*** DATA PROVIDED

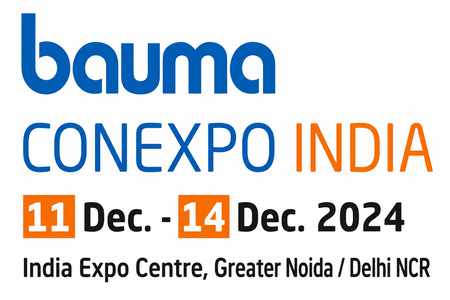 Bauma Conexpo India 2024 logo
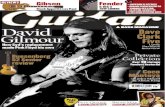 Guitar & Bass Magazine David Gilmour - August 2010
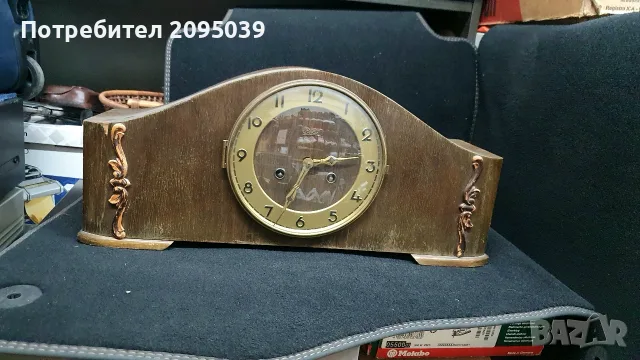 Старинен часовник BEKA., снимка 2 - Антикварни и старинни предмети - 55811455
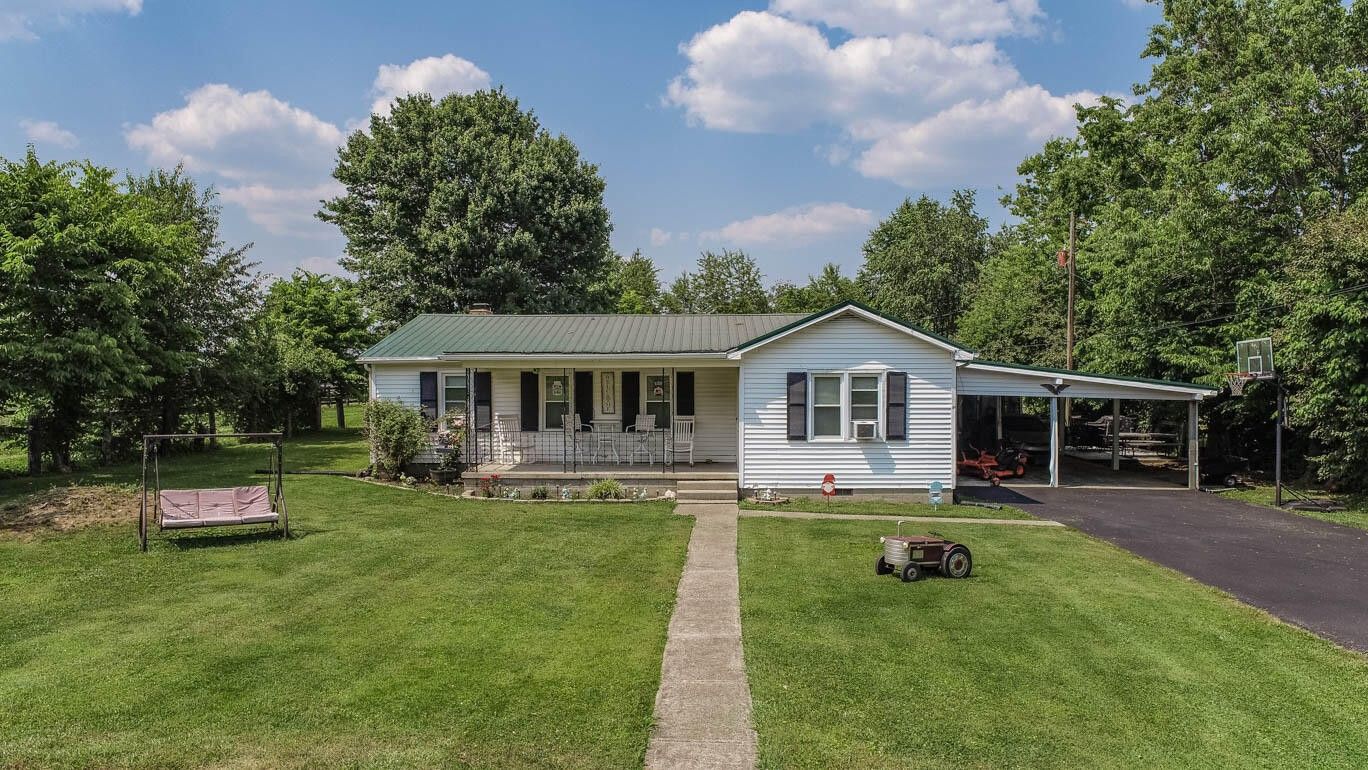 18 acres in Bourbon County, Kentucky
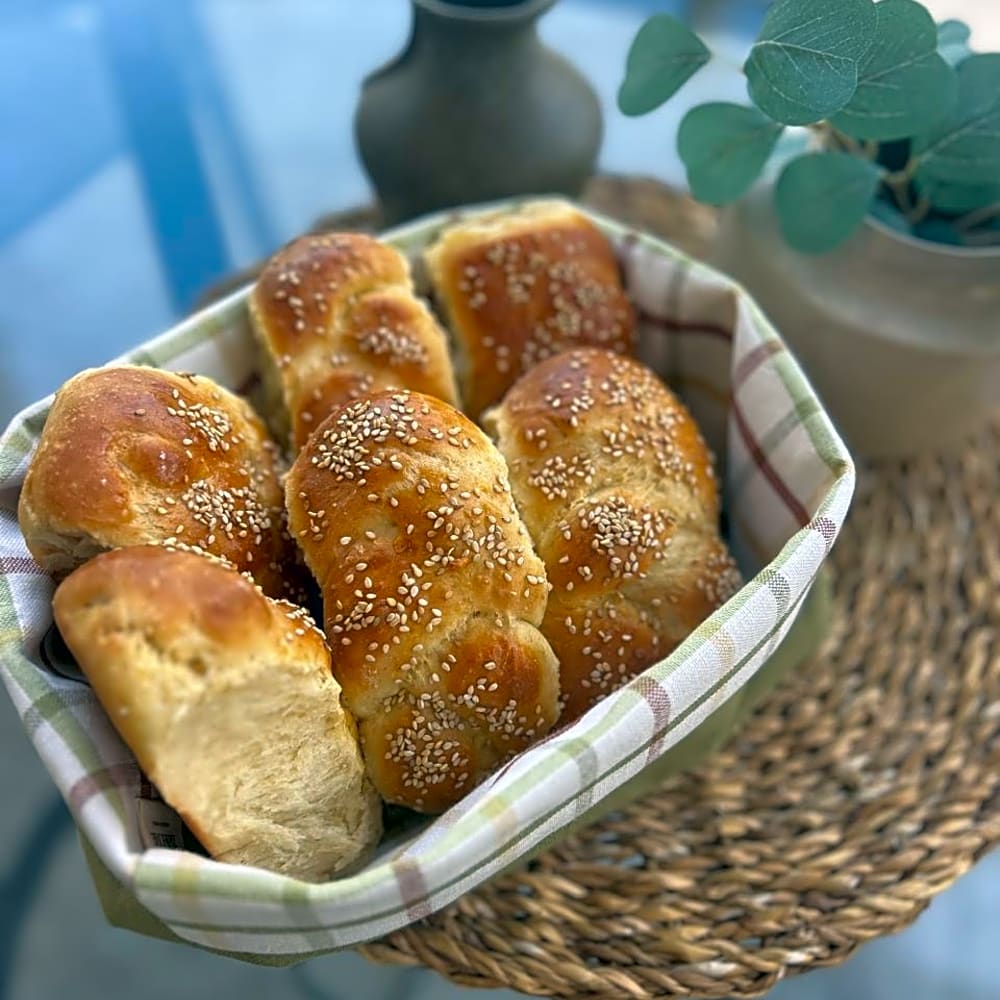 Spelt Bread Rolls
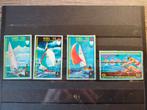 Equatoriaal-Guinea Kiel 72 Olympische Zeilpostzegels, Ophalen of Verzenden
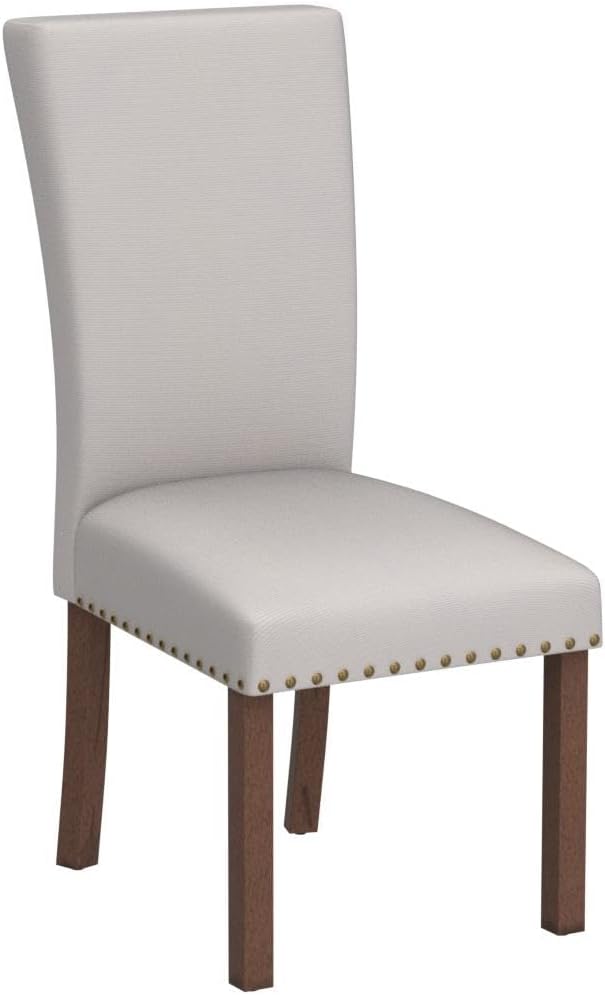 COLAMY Upholstered Fabric Dining Chairs Set of 6, High Back Padded Chairs - Image 5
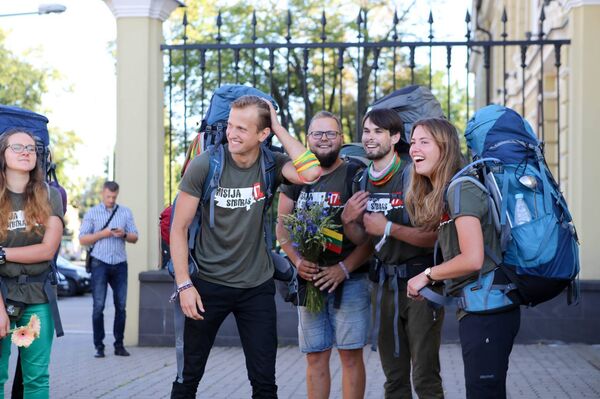 Участники проекта Миссия Сибирь 2017 - Sputnik Литва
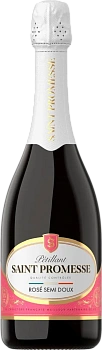 Сидр Olymp Winery Saint-Promesse Strawberry 750 мл 5,5%
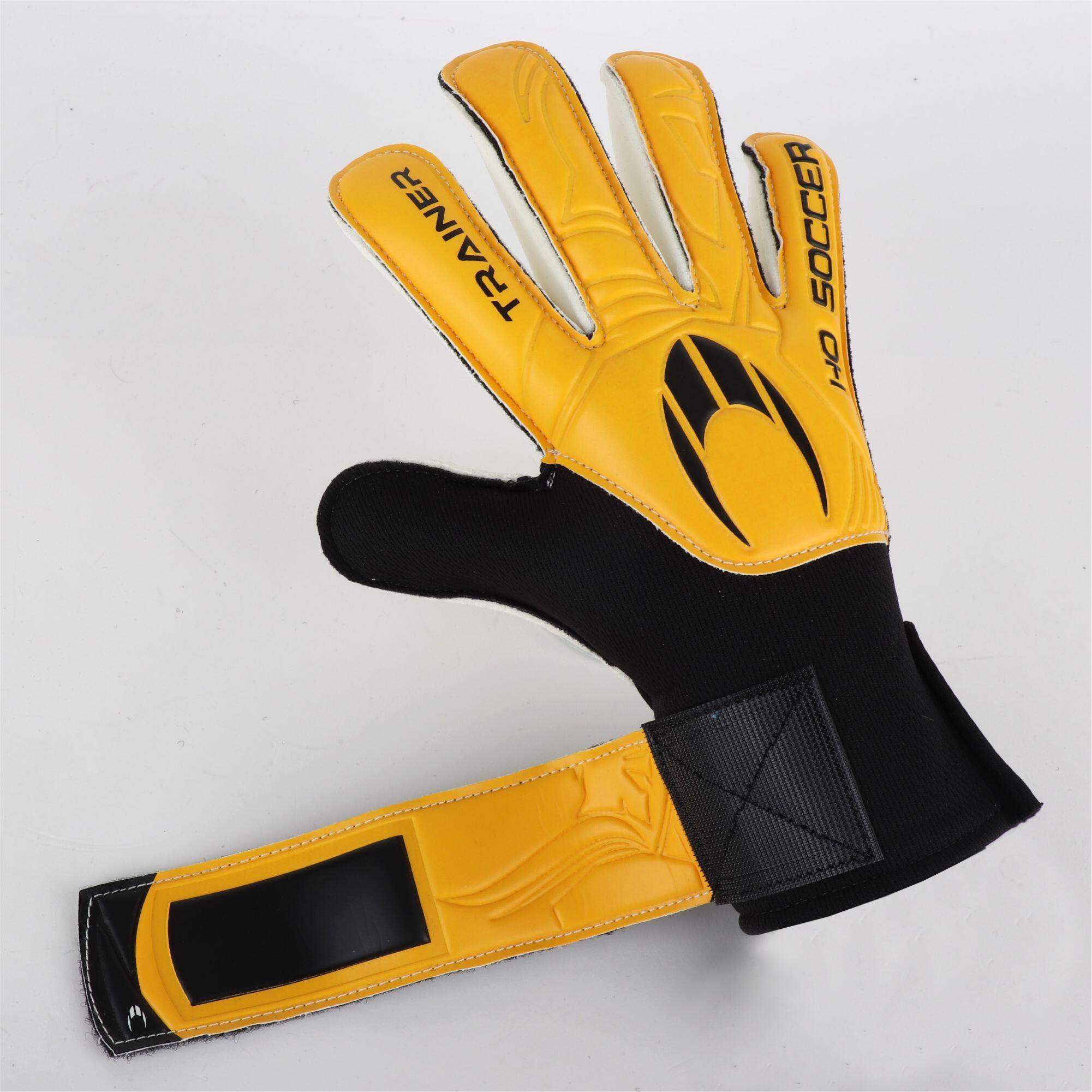 Guanti da portiere Ho Soccer per Bambino Trainer Pursuit RF Giallo 4/7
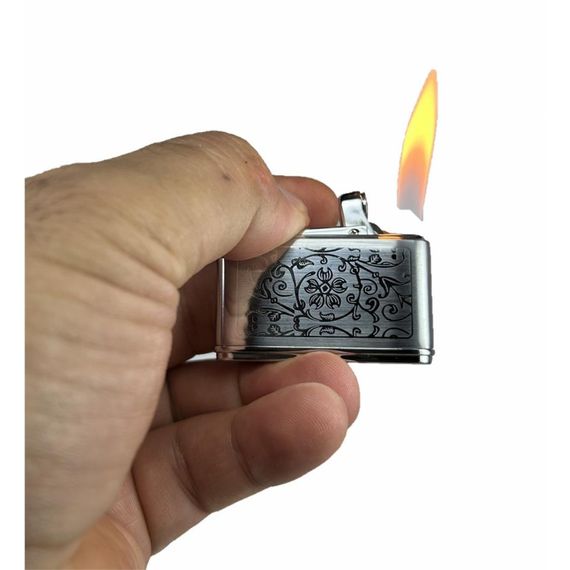 İbelo Tarz Çelik Depo Promise Çakmak Gümüş Renk - photo 2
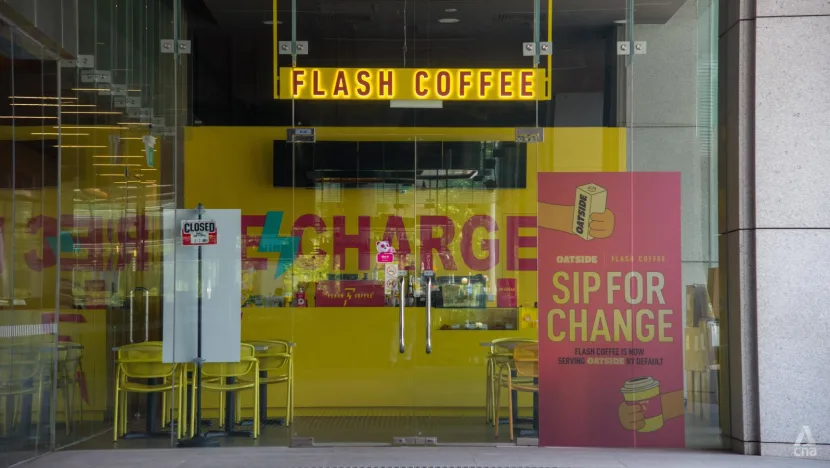  Flash Coffee Closes 11 Singapore Outlets, Dismisses Employee Strike Reports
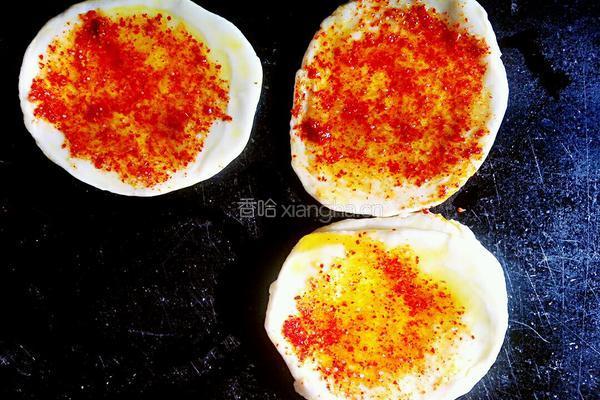 香辣薄脆饼的做法图解9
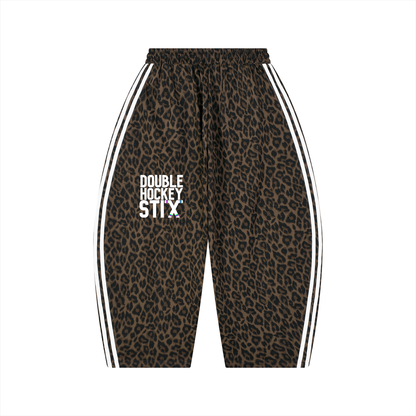 HOCKEY THIGHS LEOPARD BARREL PANT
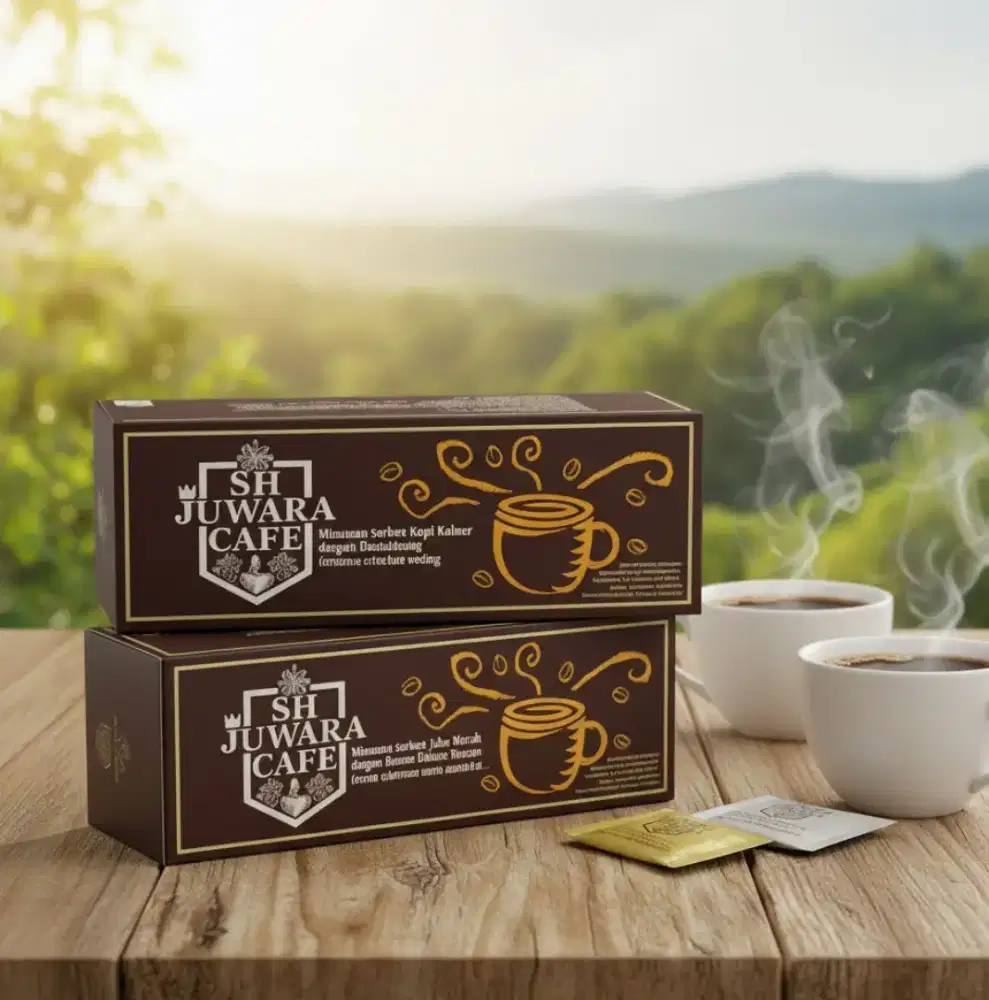 Dicari Reseller Kopi Juwara (SH Cafe Juwara) Peuang Bisnis 2026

******

In repeating the lines above, keep the wording exact and leave every picture out.

SOLUTION TO THIS TASK
 Bauma Conexpo India 2024 logo
 Guitar & Bass Magazine David Gilmour - August 2010
 Старинен часовник BEKA., снимка 2 - Антикварни и старинни предмети - 55811455
 18 acres in Bourbon County, Kentucky
 Spelt Bread Rolls
 Equatoriaal-Guinea Kiel 72 Olympische Zeilpostzegels, Ophalen of Verzenden
 COLAMY Upholstered Fabric Dining Chairs Set of 6, High Back Padded Chairs - Image 5
 Участники проекта Миссия Сибирь 2017 - Sputnik Литва
 Сидр Olymp Winery Saint-Promesse Strawberry 750 мл 5,5%
 Guanti da portiere Ho Soccer per Bambino Trainer Pursuit RF Giallo 4/7
 İbelo Tarz Çelik Depo Promise Çakmak Gümüş Renk - photo 2
  Flash Coffee Closes 11 Singapore Outlets, Dismisses Employee Strike Reports
 香辣薄脆饼的做法图解9
 HOCKEY THIGHS LEOPARD BARREL PANT
 Dicari Reseller Kopi Juwara (SH Cafe Juwara) Peuang Bisnis 2026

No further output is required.